Ingolstadt (DK) Was haben eine Doktorandin der Slawistik, eine Rechtsreferendarin und eine Absolventin des Deutschen Literaturinsituts Leipzig gemeinsam.
Sie alle sind die diesjährigen Preisträger des Literaturwettbewerbs "Literatur Update", bei der sich Schriftstellerinnen und Schriftsteller bis 35 Jahre bewerben konnten.

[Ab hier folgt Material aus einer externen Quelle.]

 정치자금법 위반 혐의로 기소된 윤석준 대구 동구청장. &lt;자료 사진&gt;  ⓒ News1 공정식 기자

Gesundheit und Krankheit sind heuer das Thema des Nachwuchswettbewerbs der Literaturstiftung Bayern im Rahmen des kunst&gesund-Festivals. Von 80 eingereichten Beiträgen wurden die besten drei ausgezeichnet. Weitere drei Jungschriftsteller erhielten einen Sonderpreis.
"Wir haben viele sehr spannende, sehr großartige, sehr kluge Texte gelesen", sagt Pauline Füg in ihrer Laudatio im Deutschen Medizinhistorischen Museum. Der Ort ist ganz bewusst gewählt. Denn Texte - sowohl Prosa als auch Lyrik -, in denen das Therma Krankheit auf unterschiedlichste Weise beschrieben wird, passen thematisch wunderbar in das Ambiente der Alten Anatomie der Stadt.
Die studierte Psychologin Pauline Füg hatte selbst vor acht Jahren diesen Preis gewonnen. "Ich bin sehr dankbar für solche Schreibwettbewerbe, wie diesen hier", sagt Füg. "Die Literaturstiftung Bayern zeigt ihr Interesse an den Schreibenden, am Nachwuchs, an der Szene. "
Die Preisträger selbst haben an diesem Abend ihre Texte erstmals öffentlich vorgetragen. Gewinnerin des ersten Platzes ist Hannah Wiborg mit ihrem Text "Von Wassermenschen und Seerosen". "Hannah Wiborg gelingt es, in ihrem Text aus einer realistischen Kind-Perspektive mit behutsamer Sprache über eine Krankheit zu erzählen. Ihr Text hat uns inhaltlich und formal überzeugt", lobt Füg die Gewinnerin.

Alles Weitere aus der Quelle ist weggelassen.